All I want is good screen, OS running smooth and decent battery life. Budget is about 300 euros.


----------



## Komshija (Sep 12, 2016)

It's a good phone, but unpractical. It depends whether you really need a phone over 5" or not. Keep in mind that anything over 140mm in length and over 70 mm in width is just too big to operate with one hand or to use comfortably.
Thus, if you really need phablet (phones with 5.1"or bigger screen), than this Asus is not a bad idea.
HTC One X9 has much more powerful CPU and faster RAM, but weaker graphic. That's not an issue unless you are buying phone primarily to play games on it. Lenovo Vibe X3 seems wise choice with slightly less powerful Snapdragon CPU (compared to HTC's Mediatek 6795) but more powerful GPU. Huawei Honor 8 is also good choice that is slightly superior to Asus Zenfone 2. Other good option would be LeTV 1S X501 which has similar characteristics to HTC One X9.

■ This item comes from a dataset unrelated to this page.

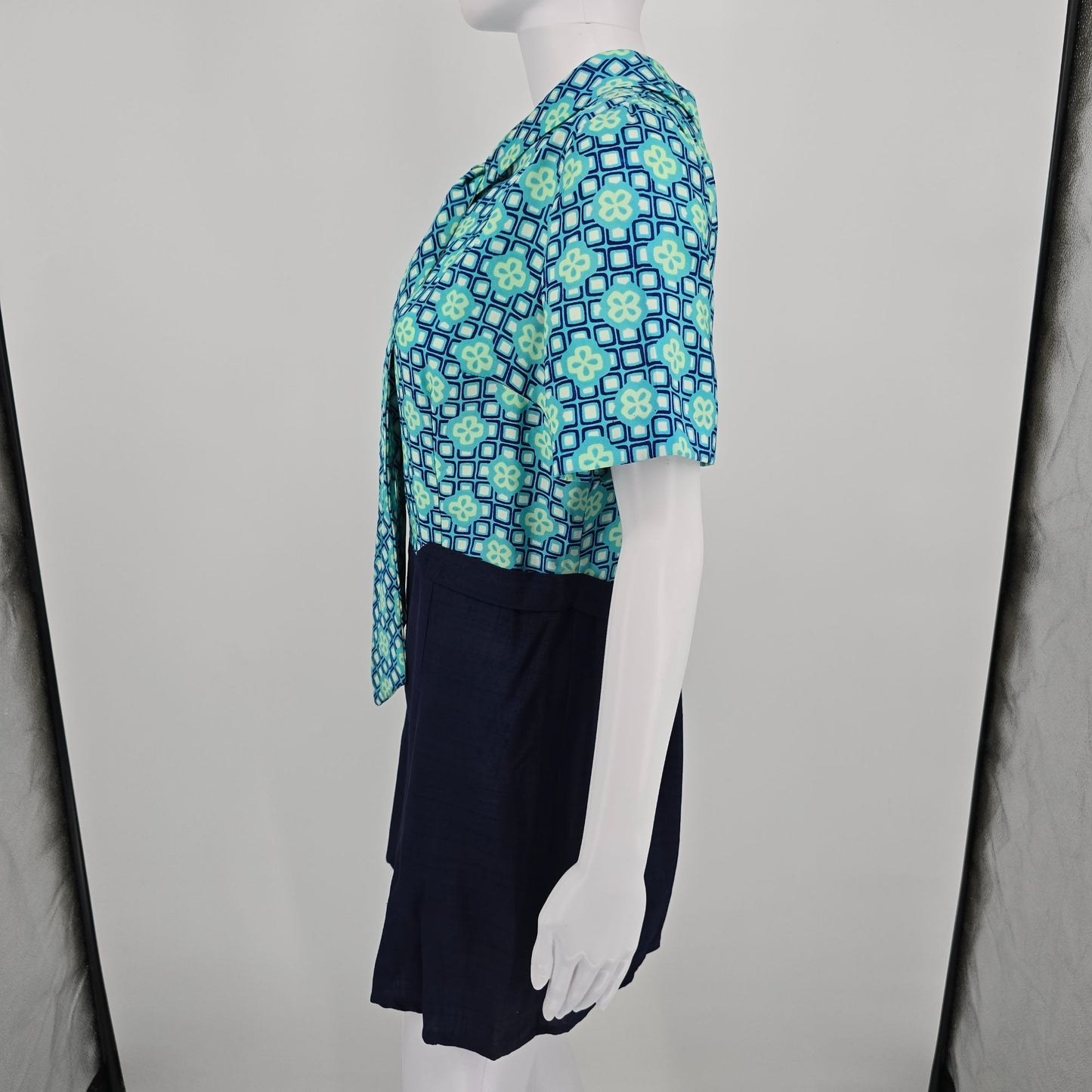 Vintage 1960s Aqua Geometric Print Lavalier Mod Scooter Mini Dress (M/L) #Flaws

If you need comfortable phone with reasonable dimensions, than I would recommend Xiaomi Mi4s, Lenovo Zuk Z2 or a little bit older but powerful Lenovo Vibe X2 which has very positive reviews in my country and in neighbouring countries.


----------



## WhiteNoise (Sep 23, 2016)

I received the Zenfone 2 to review and keep. It was a fantastic phone in all areas especially price and I had the 64GB version which was nice. That said i gave it to my wife as I had an LG G4 at the time and didn't see the need for it even though I felt it was the better phone at the time. But at about 6-8 months of daily use it started having all sorts of issues, locking up, and the camera stopped working all together too. After some research I found that camera failure was very common and Asus never tried to fix it. Even a year later i looked into it as I still have the phone but still no fix. I bought my Wife a iPhone 6s to replace it and she has been happy ever since. 

So yeah I would stay away from that phone myself.


----------